New York Bank Regulator Blasts OCC's Bid to Lure Foreign Banks

(Bloomberg) -- New York’s banking overseer punched back at comments delivered in Tokyo by the head of the U.S. Office of the Comptroller of the Currency, who urged foreign lenders to ditch state regulators in favor of the supervisory efficiency of his office.

“No regulator should seek to entice institutions to engage in regulatory arbitrage in return for light supervision and enforcement," Maria Vullo, Superintendent of New York’s Department of Financial Services, said in a statement. "And no law-abiding institution would accept such an offer for some perceived short-term benefit."

The remarks by Comptroller Joseph Otting, delivered Wednesday, come just a year after his office fast-tracked the request by Bank of Tokyo Mitsubishi UFJ to move from state oversight to a national charter.

Bank of Tokyo-Mitsubishi UFJ applied for conversion to the OCC’s oversight in October 2017 and received approval eight days later. The Tokyo lender then sued DFS to halt the New York regulator’s oversight of its activities.

Responding to that suit, Vullo declared that the OCC license was “contrary to law, invalid and not effective,” calling the action arbitrary and capricious. She accused the bank of trying to avoid the consequences of misconduct in New York. The matter is pending.

In its application to the Comptroller’s office, the bank noted that it had four distinct state regulators overseeing branches in New York, California, Texas and Illinois. The lender also owns and operates Union Bank in California, which is supervised by the Comptroller’s office.

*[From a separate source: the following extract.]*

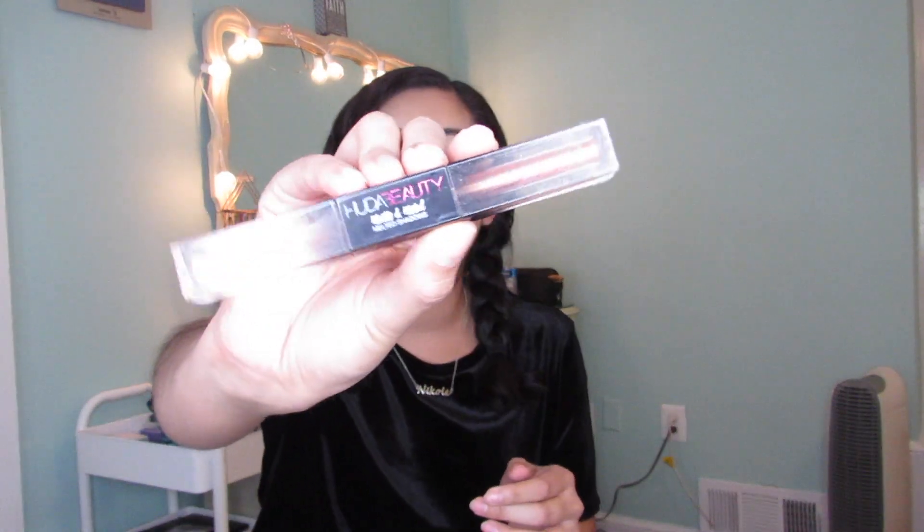Hi guys, welcome back to my channel. I'm glad you're here. Today I'm going to be doing a review of the new Huda Beauty Matte and Metal Melted Shadow. I already have my face done — the foundation, the concealer, the setting powder, everything. I really just wanted to talk to you guys about these new eyeshadows. Well, they're not really new anymore — I actually don't know when they came out, probably about a month ago.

The federal regulator approved the conversion in early November 2017 before DFS had responded to the OCC’s notice about the potential move. The switch took effect the following day. The OCC’s acting chief at that time was Keith Noreika, a Simpson Thacher & Bartlett lawyer who had done work for Bank of Tokyo and other global banks. Later that month, Otting was sworn in as OCC chief.